Mi spiego. Non guardo mai né al numero, né al passaporto dei molti che frequentano le liturgie di Missione. Non mi riferisco nemmeno ai nostri preziosi gruppi di volontariato, che reggono ancora bene nonostante qualche problema di ricambio.
Non mi rivolgo neanche a molte giovani famiglie (seconda e terza generazione), le quali, nonostante parlino benissimo il dialetto locale, chiedono i servizi religiosi (battesimo, cresima, matrimonio…) in italiano, e pare facciano fatica ad impegnarsi nella comunità, nella parrocchia, nella politica, nel sociale…Troppo stanchi? Troppo stressati? Troppo delusi? Troppo…? E infine non voglio nemmeno riferirmi al cospicuo numero di Eucaristie bilingue che celebriamo con gioia e che riscuotono simpatia grazie alla cordialità del dopo-messa, quando svizzeri e italiani condividono insieme l’aperitivo preparato dai volontari della Missione.
Quello che sento dentro il rintocco a lutto della campana è la decadenza, la fine, la disfatta, la morte di un modello di comunità, di missione, di parrocchia basato sulla continuità, sulla frequenza, sul percorrere settimana dopo settimana un pezzo di strada insieme… Ne sta nascendo uno nuovo. Anzi, è già nato! Migliore o peggiore, non lo so. Mi pare però che stiamo diventando sempre più “la chiesa delle manifestazioni, degli eventi, delle occasioni”. Festa della mamma, San Nicolao, Natale, Pasqua, Battesimo, Funerale, Prima Comunione: episodi, incontri, giornate decise da fattori esterni e non da un percorso continuativo, assiduo, atteso. Si coglie l’attimo, il momento, la celebrazione, la festa, l’emozione e poi si sparisce fino al prossimo grande raduno segnato in agenda.
È come se si vivesse una fede “a singhiozzo”. Si dice che siamo diventati “mobili”, che ci si può spostare con più velocità e facilità, e che di conseguenza c’è gente che frequenta la Messa domenicale un po’ qua e un po’ là, dove capita. Si dice che la parrocchia vera è dove abita il cuore e non dove c’è l’archivio dei documenti di battesimo, cresima e matrimonio... Tutto vero e sacrosanto, ma se dovessimo applicare questi esempi alla vita familiare e domestica ci ritroveremmo forse prima o poi in crisi di identità, con nuclei familiari disintegrati, senza sapere più dove sia la vera abitazione, satelliti che ruotano a vuoto attorno a un pianeta che non c’è.
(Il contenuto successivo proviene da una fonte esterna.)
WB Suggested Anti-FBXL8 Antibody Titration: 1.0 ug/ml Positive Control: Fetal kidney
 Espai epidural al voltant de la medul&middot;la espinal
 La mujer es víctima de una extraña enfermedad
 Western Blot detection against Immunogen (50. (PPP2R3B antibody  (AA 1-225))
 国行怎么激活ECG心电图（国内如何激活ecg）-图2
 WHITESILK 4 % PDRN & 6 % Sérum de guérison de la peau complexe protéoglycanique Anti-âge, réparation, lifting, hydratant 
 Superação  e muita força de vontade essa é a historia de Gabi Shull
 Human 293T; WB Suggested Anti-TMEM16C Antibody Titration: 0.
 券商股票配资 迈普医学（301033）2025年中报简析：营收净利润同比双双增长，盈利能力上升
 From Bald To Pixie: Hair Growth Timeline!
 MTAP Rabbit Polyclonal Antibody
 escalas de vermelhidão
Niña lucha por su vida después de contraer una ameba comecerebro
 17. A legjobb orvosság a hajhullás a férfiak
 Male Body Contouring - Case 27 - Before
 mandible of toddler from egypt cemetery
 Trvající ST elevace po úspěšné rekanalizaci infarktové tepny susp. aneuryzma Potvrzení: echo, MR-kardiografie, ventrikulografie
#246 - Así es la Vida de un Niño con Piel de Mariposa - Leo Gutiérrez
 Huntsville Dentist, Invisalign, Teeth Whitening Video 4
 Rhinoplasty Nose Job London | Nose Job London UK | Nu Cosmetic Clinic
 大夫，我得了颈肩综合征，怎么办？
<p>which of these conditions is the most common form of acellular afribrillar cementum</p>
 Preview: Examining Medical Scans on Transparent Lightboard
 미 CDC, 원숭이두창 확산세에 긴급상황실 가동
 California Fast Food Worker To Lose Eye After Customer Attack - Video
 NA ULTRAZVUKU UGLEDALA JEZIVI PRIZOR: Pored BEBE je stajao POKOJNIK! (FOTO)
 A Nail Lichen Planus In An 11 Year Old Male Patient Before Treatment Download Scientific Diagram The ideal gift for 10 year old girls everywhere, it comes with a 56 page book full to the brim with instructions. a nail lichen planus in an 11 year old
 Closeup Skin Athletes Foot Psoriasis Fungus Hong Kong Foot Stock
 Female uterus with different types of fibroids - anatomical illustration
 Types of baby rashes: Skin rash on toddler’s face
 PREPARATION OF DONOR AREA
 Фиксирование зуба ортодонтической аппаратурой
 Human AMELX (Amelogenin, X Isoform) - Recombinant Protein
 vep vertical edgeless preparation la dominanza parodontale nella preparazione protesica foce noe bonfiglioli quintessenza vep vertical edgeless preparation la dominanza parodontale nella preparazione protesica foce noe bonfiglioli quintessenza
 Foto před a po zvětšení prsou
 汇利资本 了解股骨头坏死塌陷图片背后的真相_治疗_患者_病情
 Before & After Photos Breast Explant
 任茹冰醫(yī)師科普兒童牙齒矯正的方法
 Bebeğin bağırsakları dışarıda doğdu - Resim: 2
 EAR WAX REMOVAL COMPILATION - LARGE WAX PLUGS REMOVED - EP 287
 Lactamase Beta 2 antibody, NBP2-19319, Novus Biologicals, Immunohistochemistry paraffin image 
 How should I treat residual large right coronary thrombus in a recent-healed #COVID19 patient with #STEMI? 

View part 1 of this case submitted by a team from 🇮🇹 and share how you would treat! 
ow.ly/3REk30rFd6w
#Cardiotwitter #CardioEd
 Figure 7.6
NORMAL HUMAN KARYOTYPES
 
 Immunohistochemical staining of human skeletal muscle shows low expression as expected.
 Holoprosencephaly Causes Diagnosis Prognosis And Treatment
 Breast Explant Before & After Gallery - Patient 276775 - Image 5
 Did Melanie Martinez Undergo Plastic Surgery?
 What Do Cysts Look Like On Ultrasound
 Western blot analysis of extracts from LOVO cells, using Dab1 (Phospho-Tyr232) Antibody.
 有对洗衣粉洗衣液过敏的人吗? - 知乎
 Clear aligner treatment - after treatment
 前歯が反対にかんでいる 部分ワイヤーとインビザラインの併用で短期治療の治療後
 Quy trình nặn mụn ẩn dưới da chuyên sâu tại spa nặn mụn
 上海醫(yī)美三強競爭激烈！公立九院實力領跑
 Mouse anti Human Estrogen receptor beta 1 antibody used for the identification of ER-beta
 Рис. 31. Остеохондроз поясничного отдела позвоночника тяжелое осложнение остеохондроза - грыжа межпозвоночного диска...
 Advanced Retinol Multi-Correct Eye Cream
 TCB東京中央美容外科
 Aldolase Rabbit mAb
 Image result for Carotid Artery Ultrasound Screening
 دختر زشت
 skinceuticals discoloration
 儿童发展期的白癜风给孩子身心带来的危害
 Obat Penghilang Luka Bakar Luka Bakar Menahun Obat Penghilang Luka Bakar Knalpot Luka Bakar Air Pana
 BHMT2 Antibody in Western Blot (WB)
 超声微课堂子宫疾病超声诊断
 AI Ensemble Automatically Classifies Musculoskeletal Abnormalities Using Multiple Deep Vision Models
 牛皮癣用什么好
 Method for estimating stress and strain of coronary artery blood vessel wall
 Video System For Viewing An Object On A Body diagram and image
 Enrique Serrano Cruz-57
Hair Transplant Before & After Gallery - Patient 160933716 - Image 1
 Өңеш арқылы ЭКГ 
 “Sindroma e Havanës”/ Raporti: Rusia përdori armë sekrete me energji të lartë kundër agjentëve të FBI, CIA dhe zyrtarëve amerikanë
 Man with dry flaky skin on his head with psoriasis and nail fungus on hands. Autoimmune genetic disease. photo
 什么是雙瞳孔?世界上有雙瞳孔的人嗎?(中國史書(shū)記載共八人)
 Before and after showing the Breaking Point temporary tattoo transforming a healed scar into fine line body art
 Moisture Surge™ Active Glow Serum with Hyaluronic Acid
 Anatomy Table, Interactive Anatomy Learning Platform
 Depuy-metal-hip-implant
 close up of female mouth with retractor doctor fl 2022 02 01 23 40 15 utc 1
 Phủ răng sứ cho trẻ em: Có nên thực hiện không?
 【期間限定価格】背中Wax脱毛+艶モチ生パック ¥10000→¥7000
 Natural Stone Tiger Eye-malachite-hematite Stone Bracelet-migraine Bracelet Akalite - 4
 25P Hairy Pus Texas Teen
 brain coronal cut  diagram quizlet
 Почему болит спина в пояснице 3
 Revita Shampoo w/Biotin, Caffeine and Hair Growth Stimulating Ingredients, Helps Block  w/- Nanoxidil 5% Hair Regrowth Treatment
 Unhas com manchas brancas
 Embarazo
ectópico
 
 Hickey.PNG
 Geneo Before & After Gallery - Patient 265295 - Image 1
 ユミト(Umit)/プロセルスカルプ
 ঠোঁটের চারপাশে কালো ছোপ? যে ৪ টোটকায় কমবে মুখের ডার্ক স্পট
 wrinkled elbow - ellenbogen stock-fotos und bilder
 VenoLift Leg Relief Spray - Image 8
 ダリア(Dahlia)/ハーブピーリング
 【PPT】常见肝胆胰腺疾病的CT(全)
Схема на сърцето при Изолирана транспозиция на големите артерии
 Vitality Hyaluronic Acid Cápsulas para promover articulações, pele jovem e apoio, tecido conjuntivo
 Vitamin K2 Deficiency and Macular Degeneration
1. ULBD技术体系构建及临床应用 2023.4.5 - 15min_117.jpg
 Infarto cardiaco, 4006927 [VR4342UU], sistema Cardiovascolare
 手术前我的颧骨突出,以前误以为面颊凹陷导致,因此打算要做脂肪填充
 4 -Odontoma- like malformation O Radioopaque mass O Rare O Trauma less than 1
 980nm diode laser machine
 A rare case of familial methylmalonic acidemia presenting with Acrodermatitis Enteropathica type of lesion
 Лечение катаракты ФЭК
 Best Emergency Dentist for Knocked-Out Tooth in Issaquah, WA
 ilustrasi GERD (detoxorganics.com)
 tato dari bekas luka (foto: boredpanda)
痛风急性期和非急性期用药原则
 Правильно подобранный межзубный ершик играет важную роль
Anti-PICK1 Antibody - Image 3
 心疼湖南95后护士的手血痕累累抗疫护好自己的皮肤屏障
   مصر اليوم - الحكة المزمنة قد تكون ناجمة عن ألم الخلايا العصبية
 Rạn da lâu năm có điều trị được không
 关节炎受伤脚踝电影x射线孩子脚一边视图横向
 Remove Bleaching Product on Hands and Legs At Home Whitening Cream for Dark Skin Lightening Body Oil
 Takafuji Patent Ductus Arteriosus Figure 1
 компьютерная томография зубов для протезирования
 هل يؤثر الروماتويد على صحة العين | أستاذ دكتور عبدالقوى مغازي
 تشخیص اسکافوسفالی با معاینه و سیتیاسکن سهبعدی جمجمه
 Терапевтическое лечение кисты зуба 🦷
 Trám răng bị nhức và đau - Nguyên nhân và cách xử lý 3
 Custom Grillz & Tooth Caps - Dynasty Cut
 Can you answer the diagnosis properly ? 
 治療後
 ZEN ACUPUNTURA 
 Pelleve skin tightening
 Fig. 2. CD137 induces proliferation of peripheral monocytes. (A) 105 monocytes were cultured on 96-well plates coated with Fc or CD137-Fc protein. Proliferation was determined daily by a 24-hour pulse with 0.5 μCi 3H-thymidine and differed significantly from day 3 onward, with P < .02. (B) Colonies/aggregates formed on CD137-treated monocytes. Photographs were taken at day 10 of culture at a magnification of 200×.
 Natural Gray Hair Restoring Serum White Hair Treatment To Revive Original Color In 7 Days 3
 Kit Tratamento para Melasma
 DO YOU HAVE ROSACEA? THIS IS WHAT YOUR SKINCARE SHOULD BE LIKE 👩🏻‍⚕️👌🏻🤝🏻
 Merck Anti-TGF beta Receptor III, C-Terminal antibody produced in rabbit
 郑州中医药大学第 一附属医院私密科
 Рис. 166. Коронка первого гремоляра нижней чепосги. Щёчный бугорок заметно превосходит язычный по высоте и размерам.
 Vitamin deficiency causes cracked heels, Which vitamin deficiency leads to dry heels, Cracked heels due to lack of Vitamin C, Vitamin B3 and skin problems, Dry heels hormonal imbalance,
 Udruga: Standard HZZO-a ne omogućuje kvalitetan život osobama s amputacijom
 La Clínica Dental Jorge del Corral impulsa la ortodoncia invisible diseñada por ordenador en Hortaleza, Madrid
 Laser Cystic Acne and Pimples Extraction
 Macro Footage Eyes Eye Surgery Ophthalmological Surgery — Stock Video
Questa, mi pare, sia l’aria che si respiri a volte nelle nostre comunità. Questo modello nuovo di chiesa non sta forse perdendo per strada il senso di appartenenza ad una comunità ed il suo vivere un cammino di condivisione, di amicizia, di scambio, di fraternità, di continuità, di frequenza, di cuori…? Che fare? Non ho la ricetta in tasca. Ma insieme possiamo iniziare a unire i nostri animi, le nostre idee, intenzioni, ideali, progetti, sogni, esperienze, imperfezioni… È così che è nata la Chiesa: attorno a dei pescatori inesperti di teologia e di pastorale, ma disponibili a lasciarsi cambiare il cuore dall’amore di Gesù e a scommettere sulla condivisione tra loro e col Maestro.
Vogliamo far suonare le nostre campane a festa?